R. Quem faz um trabalho parecido com o meu também tinha medo antes. Não é melhor, nem pior. Talvez, depois do massacre de Paris, o debate sobre a liberdade de expressão tenha se tornado mais franco. Os terroristas não conseguiram impedi-lo. Confio que este enésimo ataque, em lugar de levar ao aumento do medo, contribua para ampliar o debate: a liberdade de expressão é um tema fundamental. Todo mundo precisa se posicionar claramente a respeito.

P. Muitos enviaram declarações de solidariedade, mas também algumas vozes críticas dizem que artistas como você, com seus desenhos, colocam a sociedade em perigo. Qual é a sua opinião?

R. O perigo não são os artistas, mas os assassinos, eles é que devem ser encontrados e detidos. Não se negocia com conceitos como a democracia ou a liberdade de expressão. Não podemos deixar que as ameaças nos condicionem e nos levem a duvidar de nossas leis. Não podemos sucumbir.
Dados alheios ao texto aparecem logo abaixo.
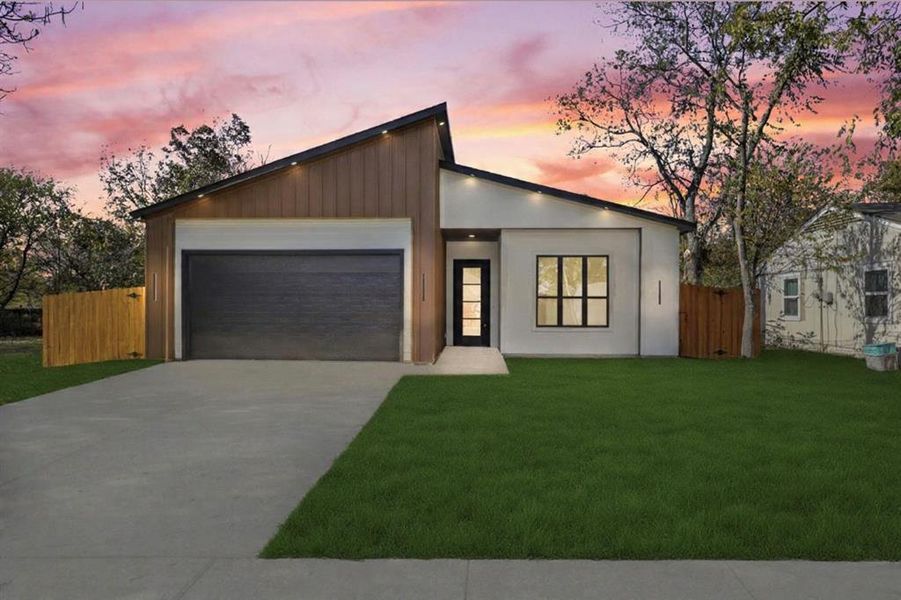 View of front of house with driveway, an attached garage, and stucco siding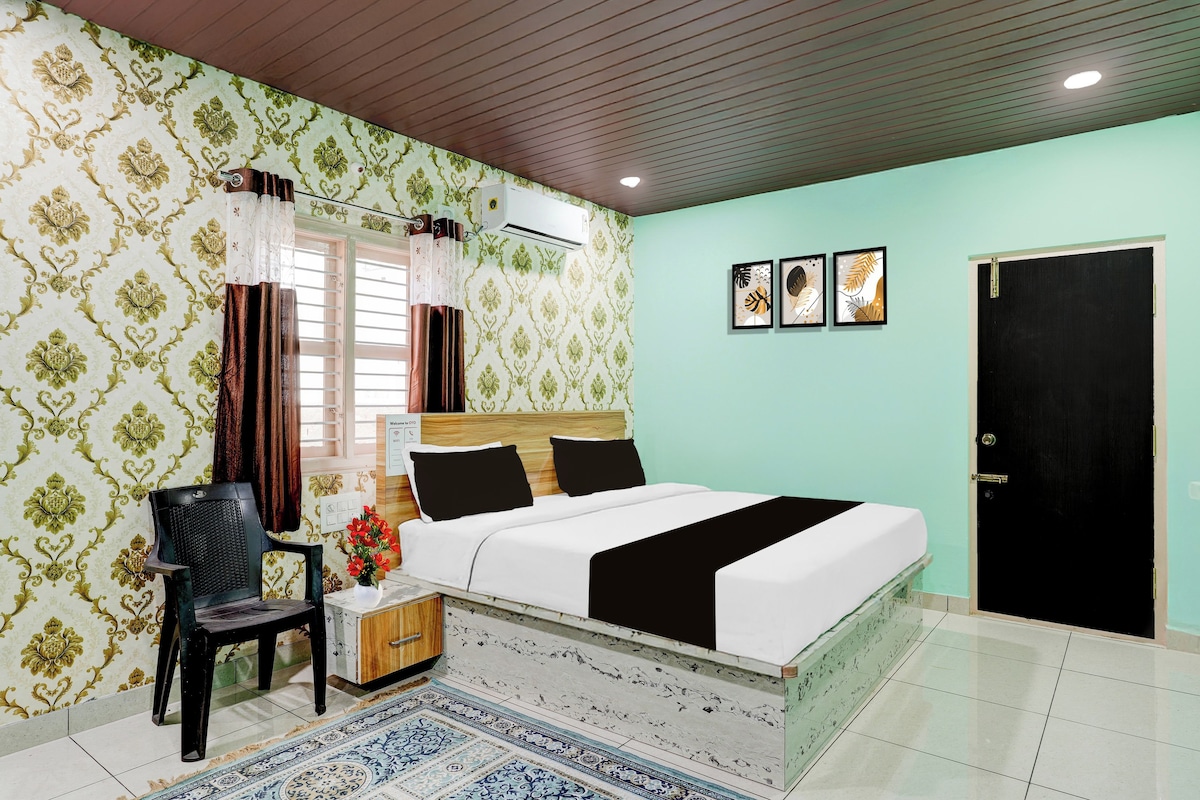 A bedroom with a bed, a chair, a bedside table with a vase of flowers, a wall-mounted air conditioner, and a door.
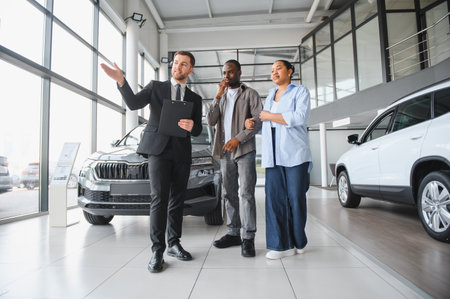 Car salesman presenting new vehicles to a couple in a car dealership, helping them choose the right...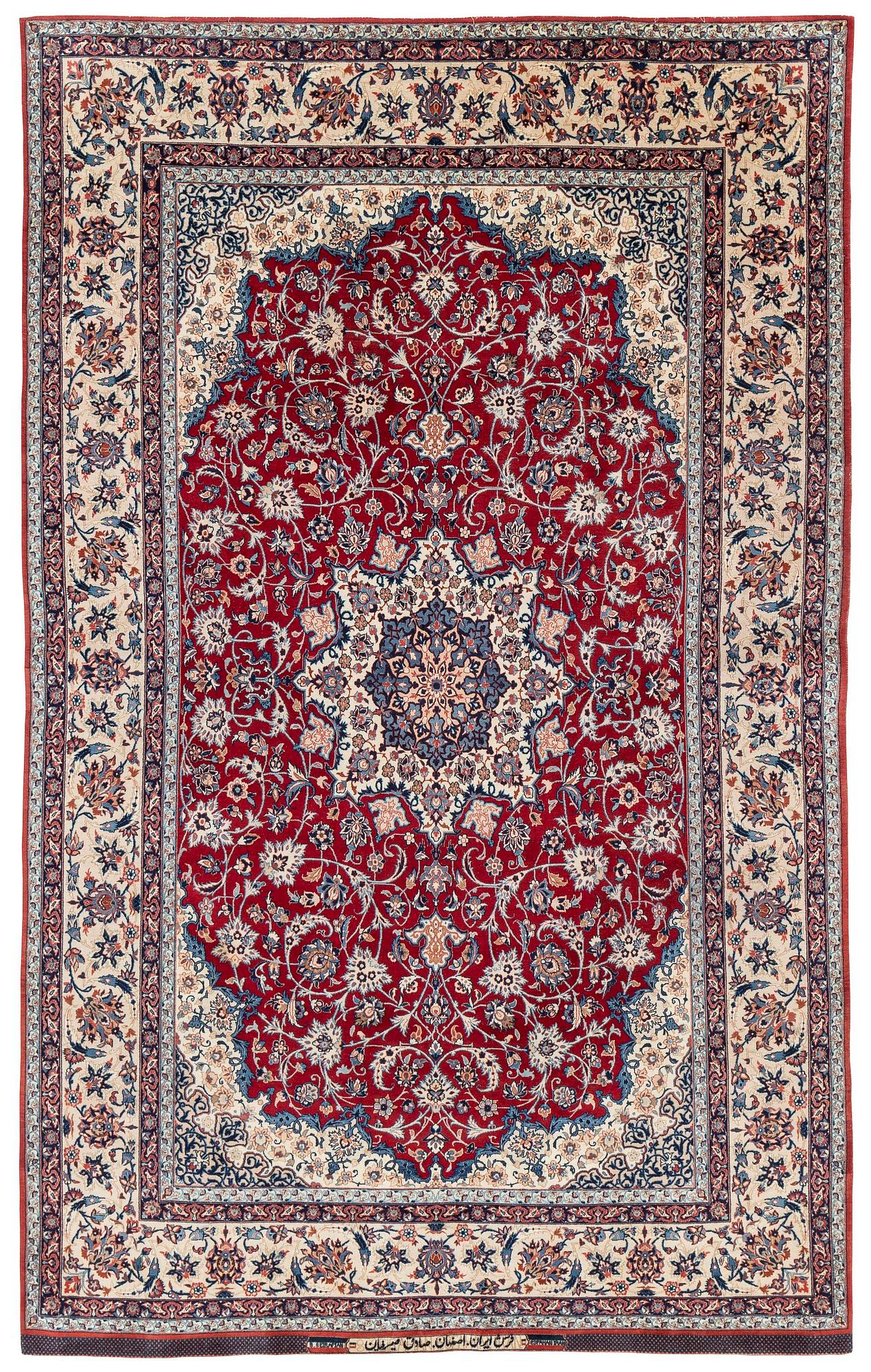 A semi-antique Isfahan rug, Central Persia, signed (Sadegh) Seirafian, c. 237 x 146 cm.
Não podemos mudar nossa ideia de democracia só porque alguns assassinos não gostam dela.

Confio que esse ataque, em vez de aumentar o medo, vai ampliar o debate”

P. Como explicar seu trabalho àqueles que se sentem ofendidos?

R. Teria que explicar que todas as religiões, e também o islamismo, condicionam a vida social e políticas das pessoas e que, portanto, estão no mesmo nível das outras ideologias, e devem ser submetidas às mesmas regras. O islamismo precisa estar aberto ao debate, à ideia de que podem receber insultos e insultar. Isso é liberdade de expressão. A violência, isso é outra coisa...

P. O que vai fazer agora?

R. Continuarei fazendo tudo que puder, colaborando também com outras pessoas. Sinto saudades apenas de trabalhar em meu estúdio.